For a picture of US dollar liquidity, CC combine the US Federal Reserve’s balance sheet and foreign central banks’ dollar holdings. They note that as US policymakers acted with "impressive speed” to address the problems of SVB and other US banks, the Fed balance sheet alone jumped by some US$300 billion.
While it looks eerily like the initial actions taken to stem the GFC fallout in 2007 and 2008, the recent measures taken by central banks and sovereign governments include the special liquidity facilities, advancing international swap lines, and record borrowing by US banks from the Fed's discount window.
The latter resulting BTFP (Bank Term Funding Program) effectively promises US-based banks the ability to borrow for up to 12 months at the one-year bond yield plus 10 basis points. (US primary credit – discount window loans - is limited to just 90 days) against the par value of their eligible US Treasury and Agency securities.
This program is the backstop alluded to earlier that supports the balance sheets of those vulnerable regional banks. It simultaneously ensures these banks will generate operating losses on their security holdings because they’ll be borrowing at one-year rates matching or exceeding the yields on their posted collateral.

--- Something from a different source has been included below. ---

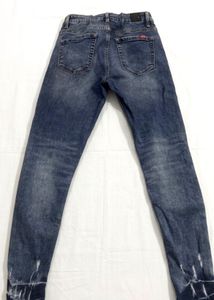 Distressed Skinny Jeans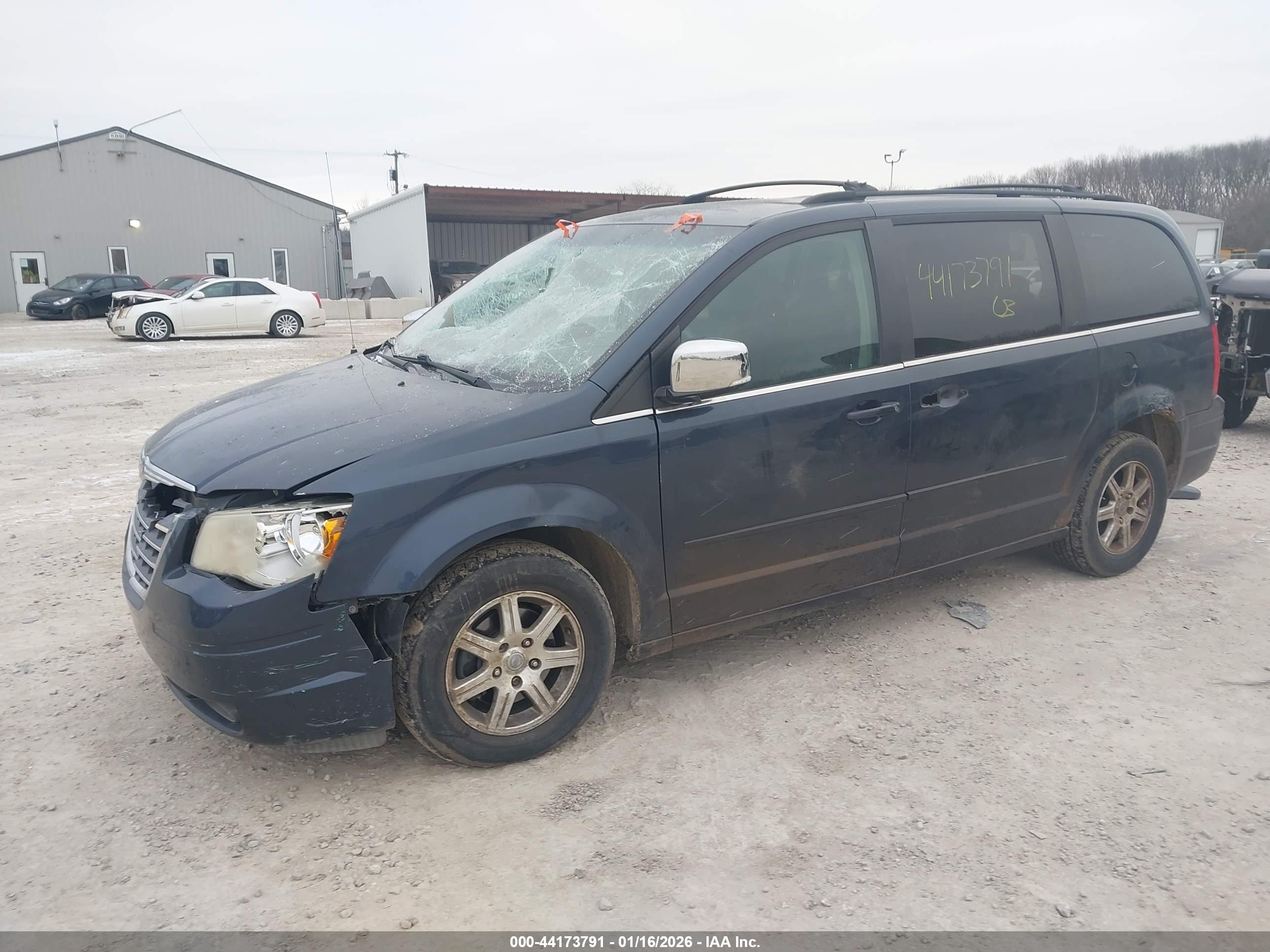 CHRYSLER TOWN image 2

Some analysts argue the program needs to be made permanent and expanded in terms of its size. As smaller regional banks lose deposits to the major banks, which was anticipated by the regulators and is now occurring, the smaller banks will be forced to borrow from the Bank Term Funding Program. They do this against their eligible security holdings, which currently total US$965 billion.
If the deposit migration from small to large banks accelerates (the regional banks have US$5.5 trillion of deposits), the Fed may have to extend its primary credit/discount window.
If the problem gets worse, more liquidity, an expansion of the US Federal Reserve’s Balance sheet, and QE, are likely results. It seems while we may not enter another GFC, we may soon enter a period where, for equity investors, bad news is good news indeed.
Earnings are what count
As equity markets decline, nothing compromises the immutable arithmetic of PE ratios, earnings growth and investment returns. Even if stocks never become popular again, and their PE ratios, therefore, don’t rise, the annual return will equal the earnings per share growth rate of the companies in a portfolio. So I remain wedded to buying shares in companies capable of generating double-digit earnings growth – and there are plenty of those.
However, the current malaise in markets as discussed above makes stocks delightfully unpopular, meaning their PEs have compressed. So, if I buy shares in companies generating double-digit earnings growth at compressed PE ratios, not only do I receive the earnings growth rate as my return, but I may also receive the bonus of an expanding PE ratio and a stock re-rating. It will pay off when the current tumult passes and stocks again become popular. And that’s the big picture.
Roger Montgomery is Chairman and Chief Investment Officer at Montgomery Investment Management. This article is for general information only and does not consider the circumstances of any individual.